Cyclone Owen is rapidly gaining strength in the Gulf of Carpentaria and could pack wind gusts of 200km/h when it crosses the Queensland coast.
Forecasters expect Owen to be a category three cyclone when it crosses a remote part of the Queensland coast, likely on Friday.
Communities between Karumba to Pormpuraaw, on the western side of Cape York Peninsula, are on alert for the possibility of a direct hit.
Owen is currently a category two sitting very close to the Northern Territory coastline, between Port Roper and Port McArthur.
It's expected to change direction and head back towards the Queensland coast later on Thursday before making landfall on Friday and continuing across the peninsula towards the state's east coast.

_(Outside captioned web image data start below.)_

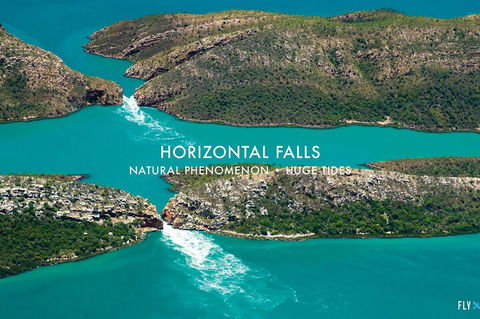 Fly The Falls Tour - Melbourne Tourism 5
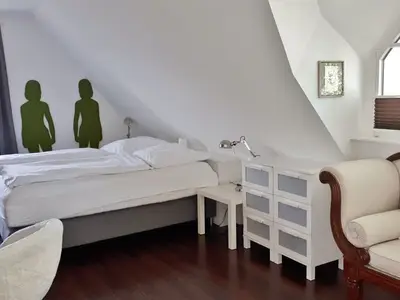 Ferienwohnung für 4 Personen (135 m²) in Middelhagen 8/10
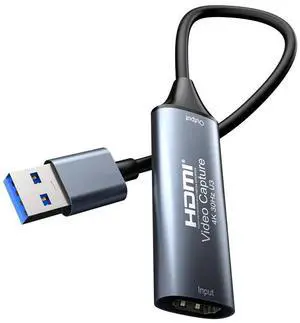 Red Capture Card HDMI to USB Type-C 4K 30Hz Game Grabber for Switch Xbox PS4 PS5 Laptop PC Live Streaming Recording USB 3.0 Video VCCXX-4K02-Red-8TKNM Red Capture Card HDMI to USB Type-C 4K 30Hz Game Grabber for Switch Xbox PS4 PS5 Laptop PC Live Streaming Recording USB 3.0 Video VCCXX-4K02-Red-8TKNM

The cyclone could dump 300 to 400mm of rain on parts of the Cape York Peninsula.
But east coast communities could also see very heavy rainfall over the weekend.
Bureau of Meteorology forecaster James Taylor said Owen could be dragged southward, along Queensland's east coast, with the help of a low pressure system expected to develop over Victoria.

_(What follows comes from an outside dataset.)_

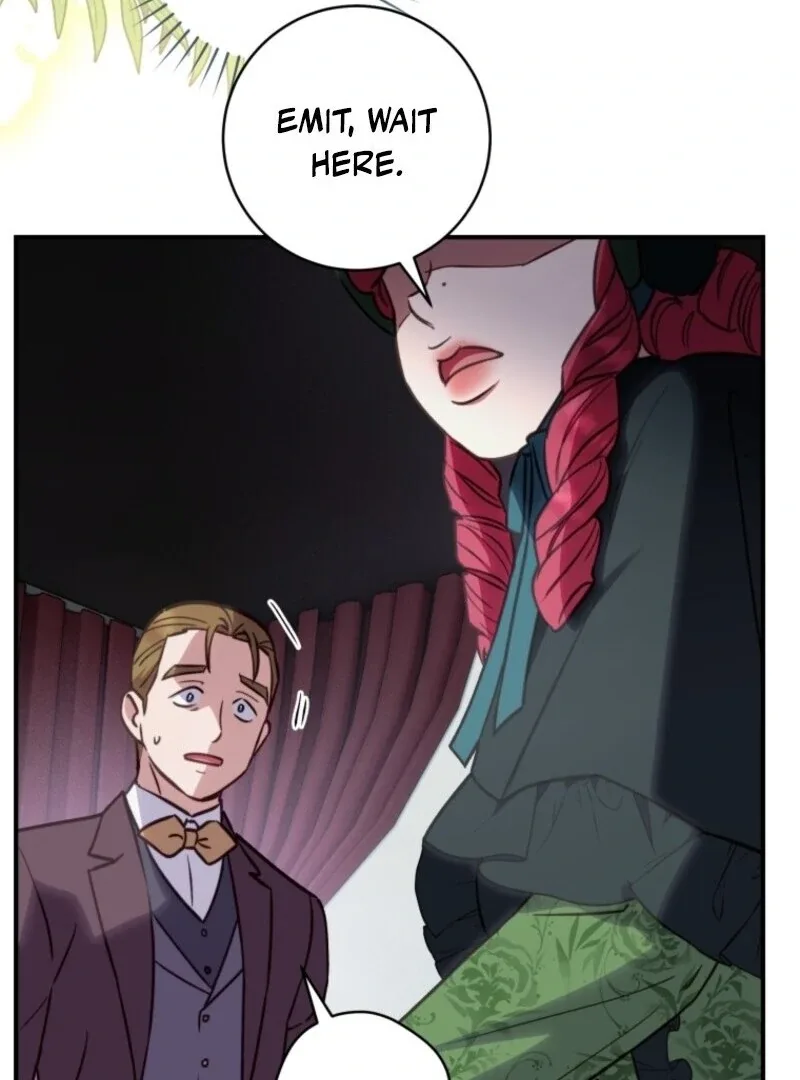 The Wirepuller Gets Lucky in Happier Years Chapter 64 page 69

"It'll be the upper trough that develops the low over southeastern Victoria that drags Tropical Cyclone Owen towards the east, and probably southeastward, over the weekend," he told ABC radio.
"That creates a potential threat for large parts of the eastern Queensland coast, particular from flash flooding."
Mr Taylor said Owen could do what Cyclone Oswald did in 2013, and track south along Queensland's east coast, bringing driving rain with it.
"Is there potential for that to happen with this cyclone? Yes. But we won't be able to be certain about it probably until Friday afternoon, when we know were Owen is in relation to that upper trough."